When Plans Fall Apart
Margaret Thompson had taught high school English for six years when she got the call on a Tuesday morning in October 1974. The gym teacher at MacArthur High School in Decatur, Illinois, was home with flu, and they needed someone to supervise after-school athletics. Thompson had never coached anything more competitive than a spelling bee, but she needed the extra twenty dollars.

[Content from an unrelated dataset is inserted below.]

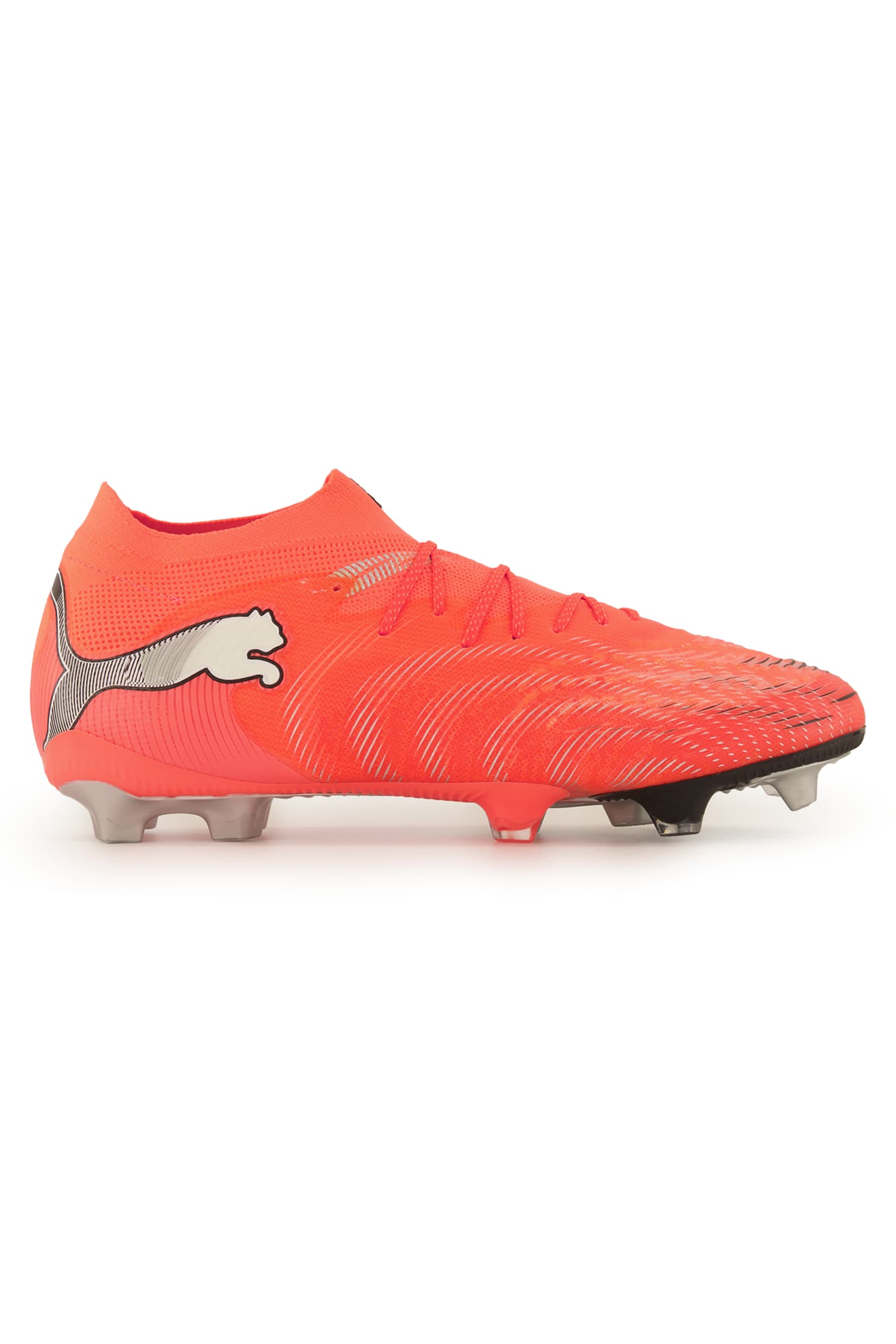 Image of PUMA Future 9 Ultimate FG Fussballschuh Rot, Herren, Größe: 10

Photo: Margaret Thompson, via images.squarespace-cdn.com
Photo: MacArthur High School, via macarthurhs.aldineisd.org
She arrived at the gymnasium expecting to hand out basketballs and watch the clock. Instead, she found a note on the coach's desk: "Track practice today—work on starts and handoffs." Three students waited on the gym floor: two sophomores and a junior, all looking skeptical about their substitute's credentials.
The Accidental Experiment
Thompson could have canceled practice. She could have turned on the lights and let the kids run laps. Instead, her teacher's instincts kicked in. If she was supposed to work on starts and handoffs, she'd figure out what those meant.
"Show me what you usually do," she told the three athletes—Maria Santos, Kevin Wright, and Jennifer Coleman. What followed was ninety minutes of pure experimentation. Thompson, who'd never seen a proper sprint start, watched the students demonstrate their techniques and asked questions that no experienced coach would think to ask.
"Why do you put your hands there?" she wondered aloud as Maria set up in the blocks. "What happens if you try it differently?" The question led to a twenty-minute exploration of hand placement that accidentally corrected a flaw Maria's regular coach had never noticed.
The Power of Fresh Eyes
Without preconceptions about "proper" technique, Thompson approached each event like a puzzle. When Kevin complained about fumbling handoffs in relay practice, she had him and Jennifer practice the exchange in slow motion, then gradually increase speed. It was a teaching method borrowed from her English classes—break complex skills into components, then rebuild them systematically.
The three athletes later said that afternoon felt different from regular practice. Thompson asked "why" and "what if" instead of just saying "do it this way." She treated them like collaborators in solving problems rather than students following instructions.
Seeds of Something Bigger
The regular coach returned the next day, and Thompson went back to teaching English. But something had shifted for those three athletes. Maria Santos began questioning her training methods, eventually working with college coaches who helped her develop into a 400-meter specialist. She made the 1984 Olympic team in Los Angeles.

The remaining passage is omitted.